A perseguição durou seis dias. Os ingleses estavam esgotados depois de marchar cerca de 420 km em pouco mais de duas semanas. No dia 24 de outubro, Henrique V tomou uma decisão. Os ingleses não mais recuariam. O rei ordenou silêncio total à noite para a grande batalha do dia seguinte. Foi uma espera aflitiva, dramatizada por William Shakespeare na peça Henrique V anos depois.

Mapa mostrando a dinâmica da Batalha deAgincourt

Ficaram tão quietos que os franceses chegaram a pensar que eles haviam levantado acampamento e fugido”, diz Roberta Magnusson, professora de história medieval da Universidade de Oklahoma, nos Estados Unidos.

No amanhecer do dia 25, franceses e ingleses ficaram frente a frente, a cerca de 2 km de distância entre si. No meio, um campo recém-arado e plantado, transformado em um lamaçal pelas chuvas, que caíam forte havia duas semanas.


Batalha colossal

Henrique V colocou seus homens na tradicional formação defensiva inglesa, com cerca de 800 soldados a pé, ladeados por 5 mil arqueiros, e protegidos por grandes estacas de madeira: os cavalos inimigos recuavam instintivamente diante das madeiras pontiagudas. Detalhe curioso: como havia um surto de disenteria entre os soldados, muitos arqueiros lutavam nus da cintura para baixo para que o problema não os atrapalhasse.

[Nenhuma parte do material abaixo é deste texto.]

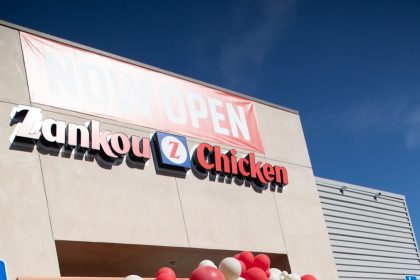 Zankou Chicken opens in Lawndale.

Os franceses se postaram em duas linhas recheadas de soldados protegidos por armaduras e arqueiros. Os cavaleiros, entre os quais 12 nobres de sangue real, guardavam os flancos. Depois de tudo preparado, os dois lados se encararam imóveis por quase quatro horas. Ninguém queria ser o primeiro a atacar. Os ingleses por estarem em grande desvantagem numérica, e os franceses por não se animarem a se atirar no mar de lama. 

Cavaleiro francês é abatido em maio à lama

Pouco antes do meio-dia, os franceses mandaram alguns homens em busca de mantimentos no acampamento para um pequeno desjejum. Foi o momento em que os ingleses avançaram, numa provocação que levou ao esperado ataque francês.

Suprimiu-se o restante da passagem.